Why are Venezuelans leaving their country?
Inside Latin America's largest-ever refugee crisis
Inside Latin America's largest-ever refugee crisis
Every day, thousands of Venezuelans leave their country in search of safety and stability, many of them arriving in Colombia. The International Rescue Committee has been supporting families in need in Cúcuta, a border city, since April 2018. Recently, the IRC conducted an assessment across the country, and spoke to families to understand their needs. Here is what you need to know about the unfolding crisis.
Venezuela was once the wealthiest nation in Latin America, the beneficiary of the world's largest oil reserves. In 2014, the economy began to collapse. The Bolivar, its currency, has gone into free fall, leaving millions unable to afford even basic necessities. According to Bloomberg’s Cafe con leche index, a cup of coffee today costs the same as 1,800 cups in January 2018. Both food and health care are increasingly hard to come by as supplies dwindle and costs for services skyrocket. Families face a desperate decision: struggle to get by and suffer extreme hunger, or leave the country.
According the U.N., more than three million people have left Venezuela since the crisis began. One million of those, many lacking official documentation, have gone to neighboring Colombia. Hundreds of thousands more have traveled to Brazil, Peru or Ecuador. It’s expected that these numbers will increase as the crisis deepens; by the end of 2019, there could be two million Venezuelans in Colombia.
It doesn’t matter if you have a lot of material things if you don’t have medicine or food.
“It’s really hard,” says Meli Rondon, who lives with her sons and grandchildren in an informal roadside camp in the Colombian city of Barranquilla. “In Venezuela, we have our own home, our own beds, but it doesn’t matter if you have a lot of material things if you don’t have medicine or food.”
“I decided I had to leave Venezuela for my baby,” reports Carina, a mother of two living in Bogota. “She had malnutrition. She was losing all of her calcium. She lost her fingernails.”
Most Venezuelans leave the country looking for a place where they will be safe and free from hunger. Many seek work to earn cash to send home. Others plan to join family who have already traveled to Colombia and beyond.
Supermarket shelves are often empty and people have reported scavenging for discarded food. Angie*, a mother who left for Colombia, told the IRC that, “When my grandma died, we had to bury the body in the garden, because we did not have any money to pay for the funeral.”
Electricity is often unreliable, outages alternating with power surges damaging refrigerators and other appliances. Violence has increased as people grow desperate to provide for their children—or simply to survive.
Health care is scarce. Patients needing an operation often have to pay for for their own medical supplies, right down to the rubber gloves used by the surgeon. Many medicines and treatments are no longer available in Venezuela. “Two weeks ago, one of my nephews died of leukemia,” says Carina. “He was 12 years old. He died because there was no treatment.”
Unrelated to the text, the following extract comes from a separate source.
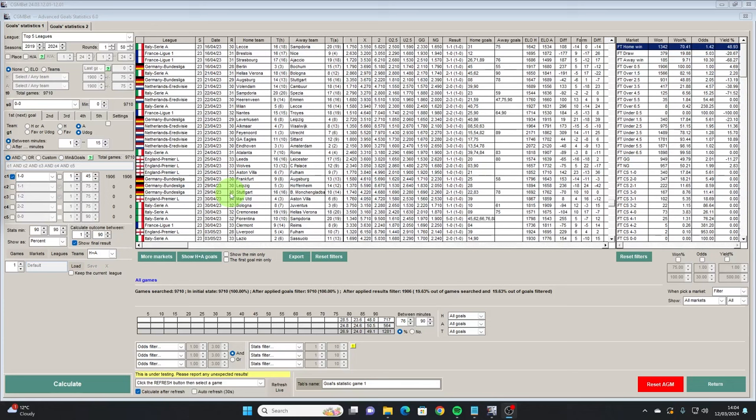So that's a quick tour of pretty much everything the Advanced Goals Statistics module offers. It's very comprehensive, it's very powerful — other providers would love something like this, and CGMBET is ahead of the game in developing this. It really is one of the unique selling points and for the price point as well it is definitely worth considering if you are thinking about purchasing CGMBET or any other stats software — this is the one to have in my opinion. If you've enjoyed this video or found it useful please remember to give us a like and subscribe if you haven't already done so. Thank you.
“Life here in Colombia is difficult,” reports Karina Gutierrez, a 42-year-old mother of three. Karina and her husband are struggling to find steady work, a common occurrence. Like many Venezuelan families, they are living in a shared apartment. “The rent here is really expensive, so living with other people is the only way to be able to pay all of the rent,” she says. “We met the couple here.”
Life here in Colombia is difficult. The rent here is really expensive.
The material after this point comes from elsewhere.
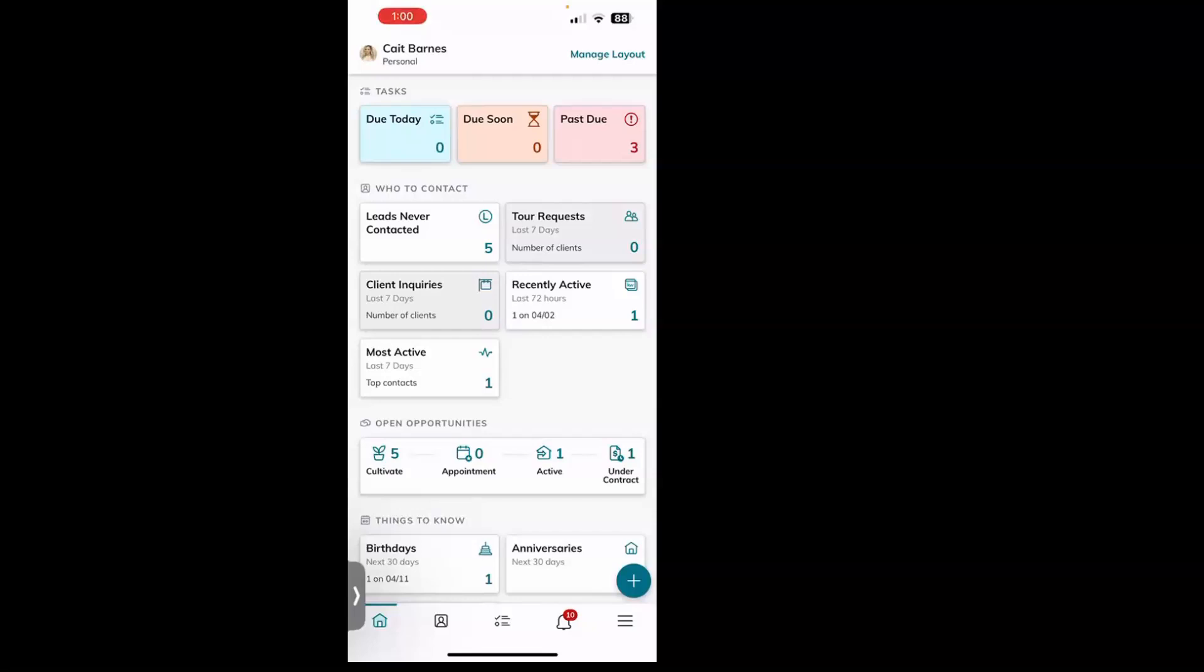The first thing you want to do is pull up your Command mobile app. It is a red square with a white KW. Once you have that pulled up and you're signed in,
But there is hope. Karina’s 10-year-old daughter, Geicelis, is going to school. “School here is more difficult than in Venezuela because they teach us a lot more things,” she says. “But it is easier in a lot of ways because, back in Venezuela, it was difficult to get the notebooks and other things that I needed. Often the teachers were not there to teach us.” Adds Geicelis, “I have a lot of Colombian friends at school now.”
Since April 2018, the IRC has been working in Cúcuta supporting Venezuelans and vulnerable Colombians with specialized services for women and children, cash assistance, and health care. In the coming months, the IRC will be expanding its work across Colombia.
To date, the IRC has reached over 5,000 people in Colombia, including Cibel, a new mother who is receiving cash, attending parenting classes and receiving medical care. “The IRC makes me feel like I am not alone,” says Cibel, who is naming her newborn after Diana, a staff member with the local IRC team. “They are the only ones I have counted on.”